His teacher was Alexey Brodovitch, who would also later be his supervisor at Harper’s Bazaar magazine, where Penn worked at his command as a student. During this period, Harper’s Bazaar published several of his drawings in the magazine. He worked for two years as a freelance designer and began taking his first amateur photographs before Brodovitch was hired as an art director in Saks luxury stores on Fifth Avenue in 1940.
In 1941 he moved to Mexico for a year, with the intention of becoming a painter. In this period, he approaches photography, taking photographs while traveling through the Central and South American landscape. Disappointed by his paintings, he destroys them before returning to New York.
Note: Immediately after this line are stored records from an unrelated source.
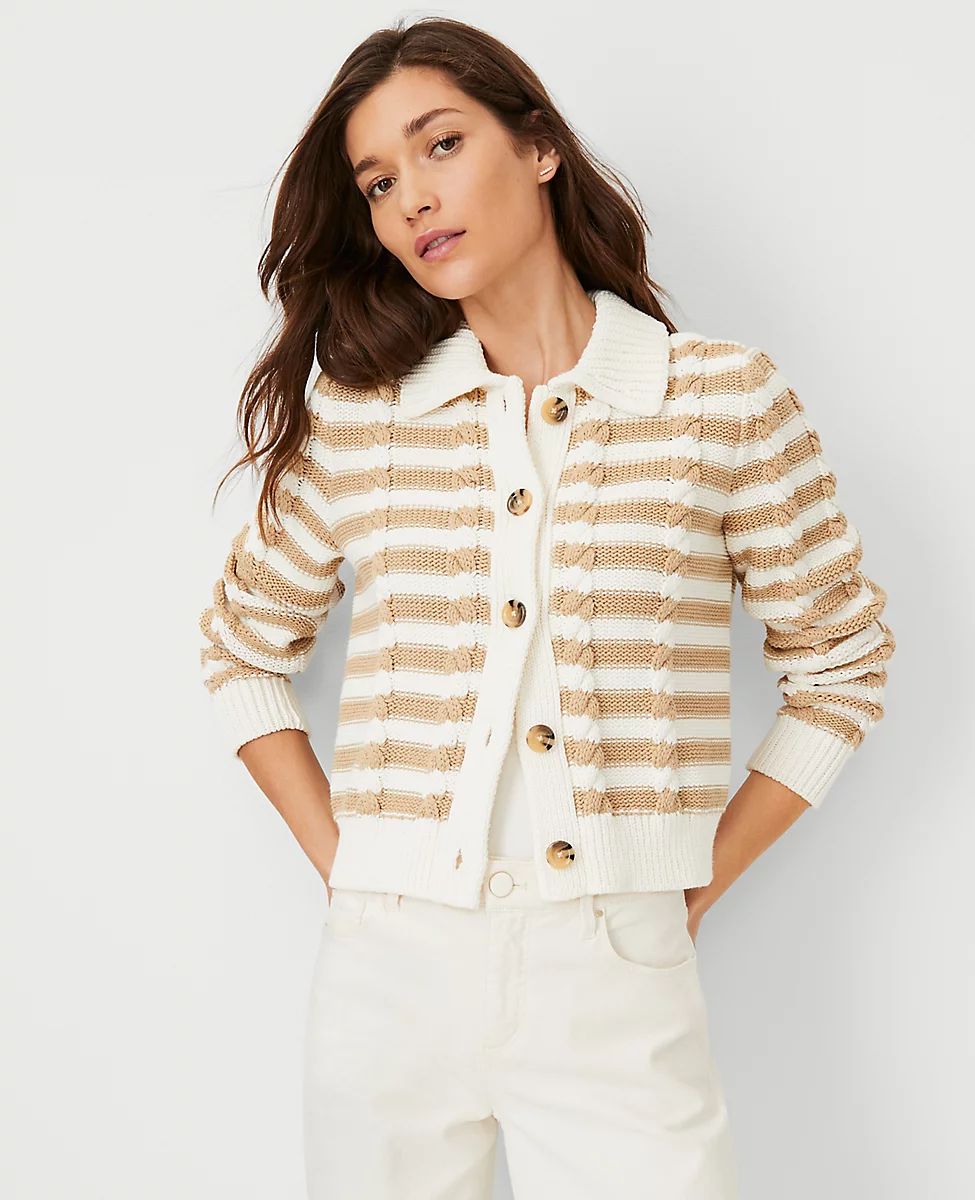 AT Weekend Striped Cable Sweater Jacket | Ann Taylor (US)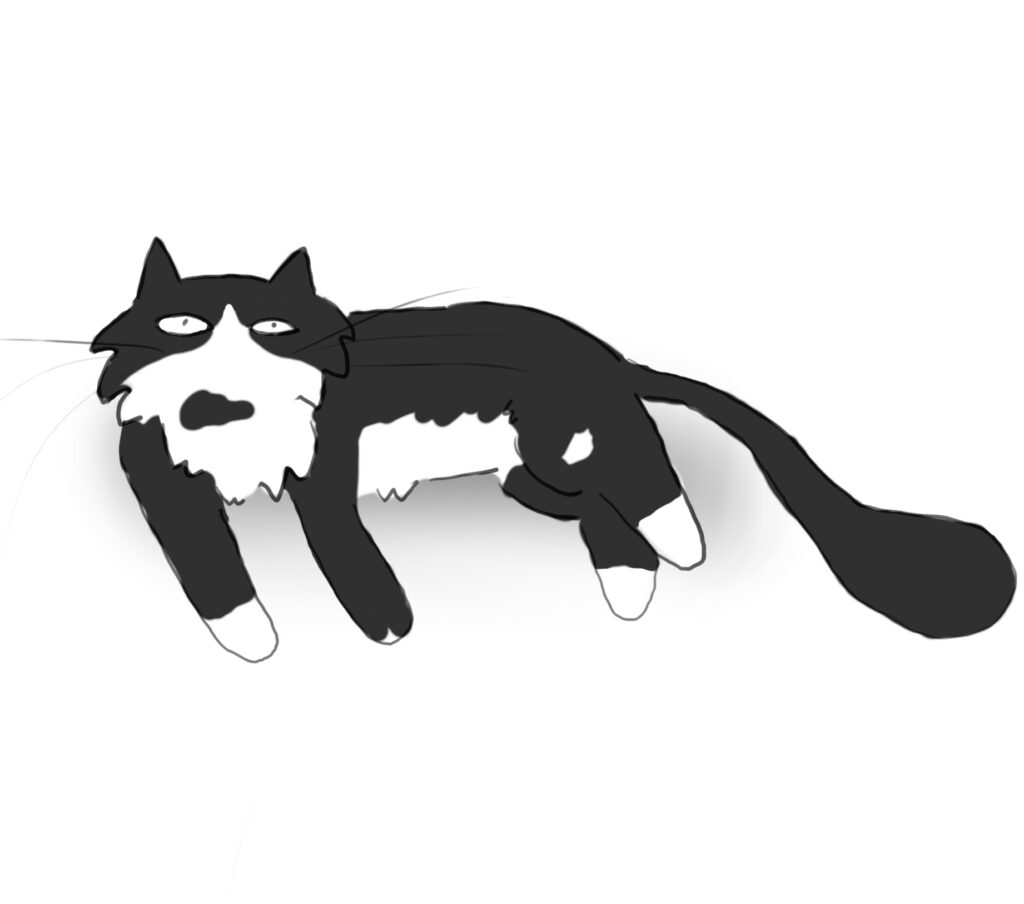A cartoon of a sleepy black and white cat.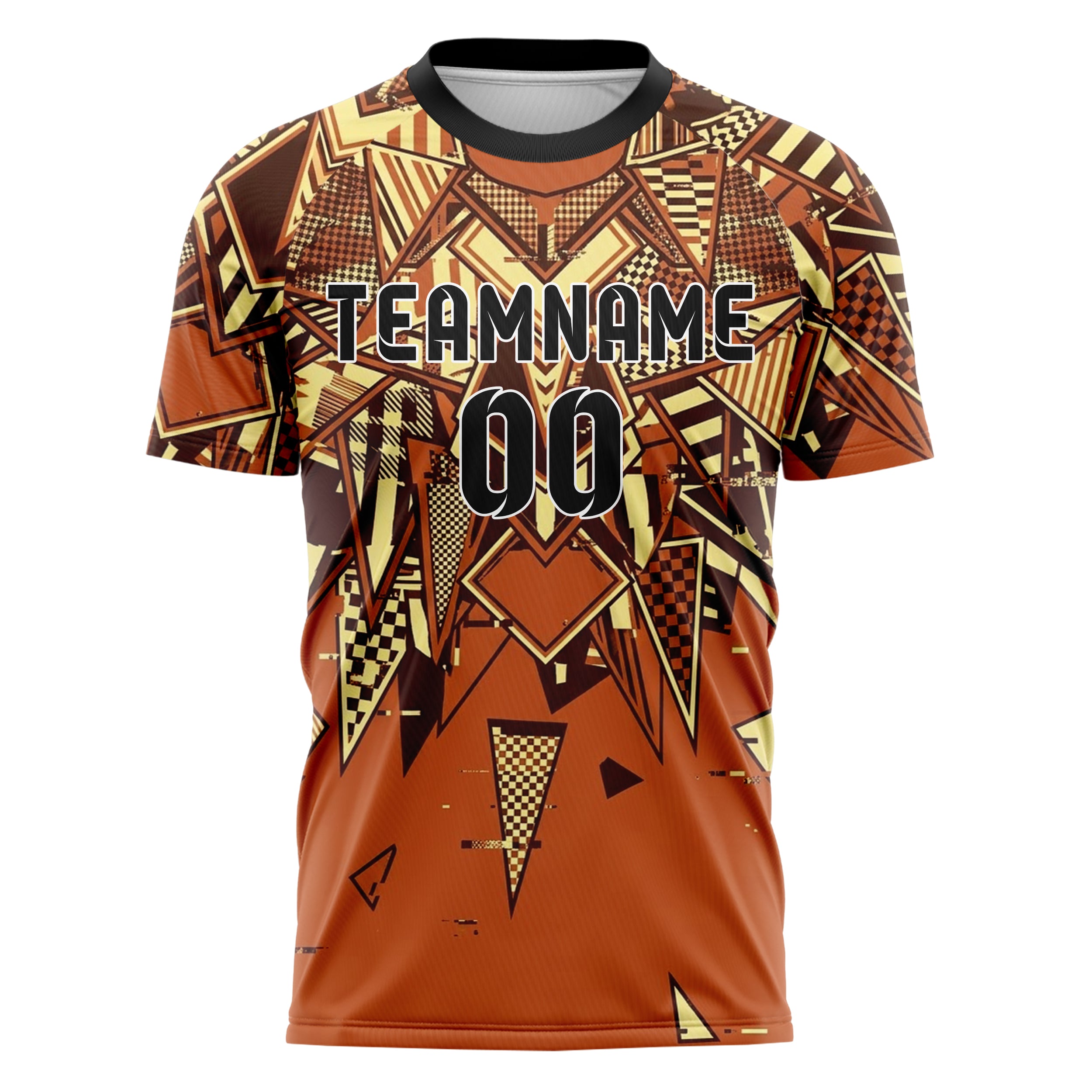 Rust Brown Cream Vintage Pennant Collage Custom Soccer Jersey
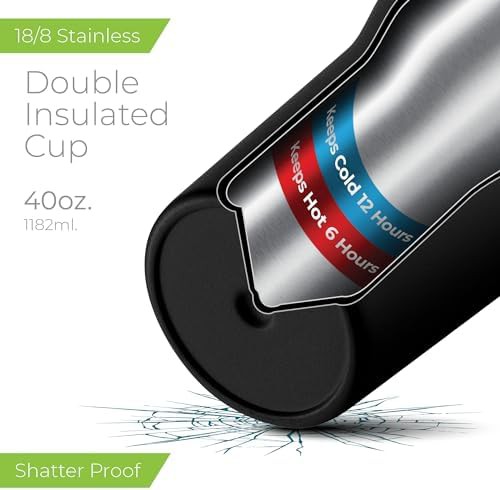 Black handled travel tumbler 40 oz — photo 3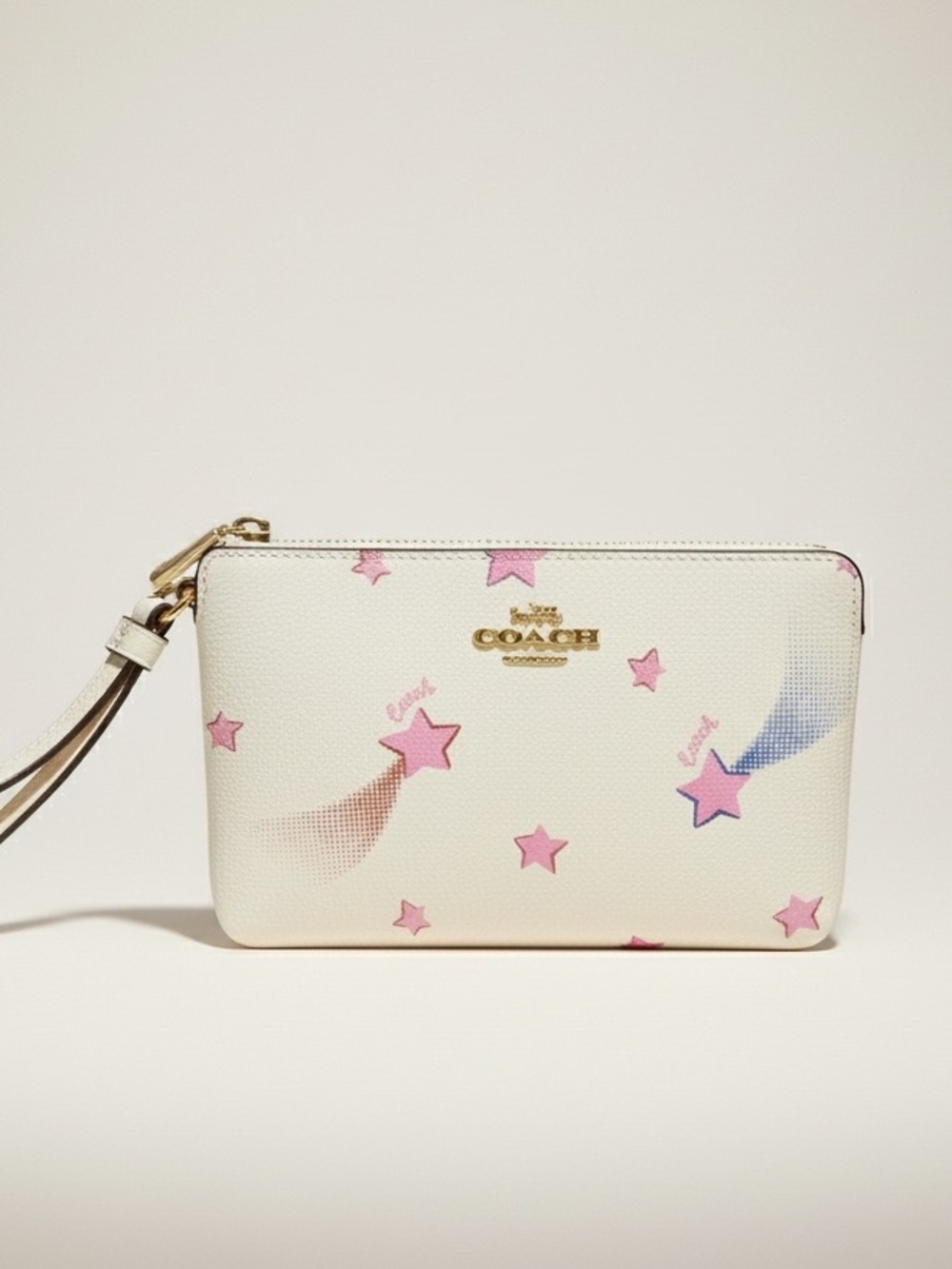 Coach Corner Zip Wristlet with Disco Star Print Coated Canvas. EUC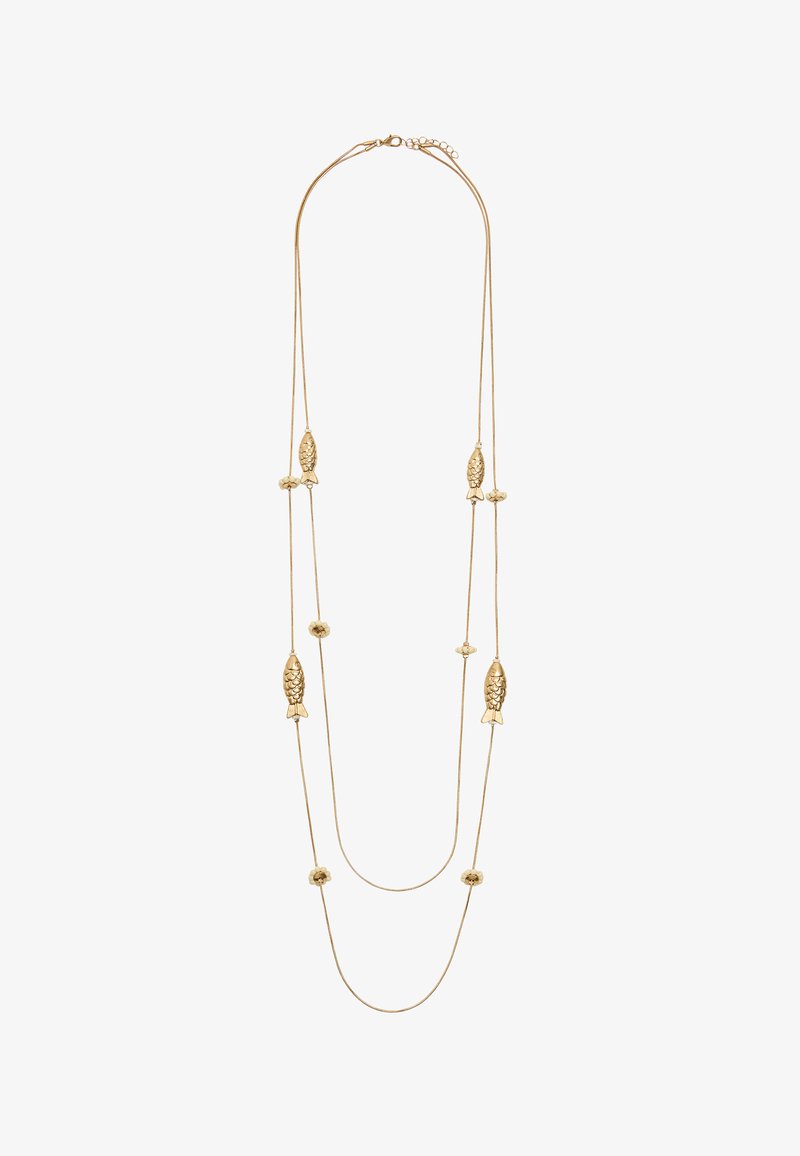 Złoty naszyjnik z akcentami w kształcie ryb i okrągłych koralików, z dwiema warstwami i delikatnym łańcuszkiem, prezentujący gładkie, polerowane wykończenie.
When he returned to New York, the new artistic director of Vogue, Alexander Liberman, offered him to enter the Art Department of the magazine. After a while working as a designer, Alexander urged him to try photography. He soon discovered his passion for this discipline.
“I can be obsessed with anything if I look at it long enough. This is the curse of being a photographer.”
Liberman, who was determined to modernize the magazine’s images, got struck by the negatives of Penn’s recent travels and launched him as a photographer. After long hours of experimentation with lighting and in the dark room, Penn achieved technical mastery. But the secret of his art was based on a conviction: the most important ingredient in photography is in the capture of a soul, whether through the flight of a dress or any banal object.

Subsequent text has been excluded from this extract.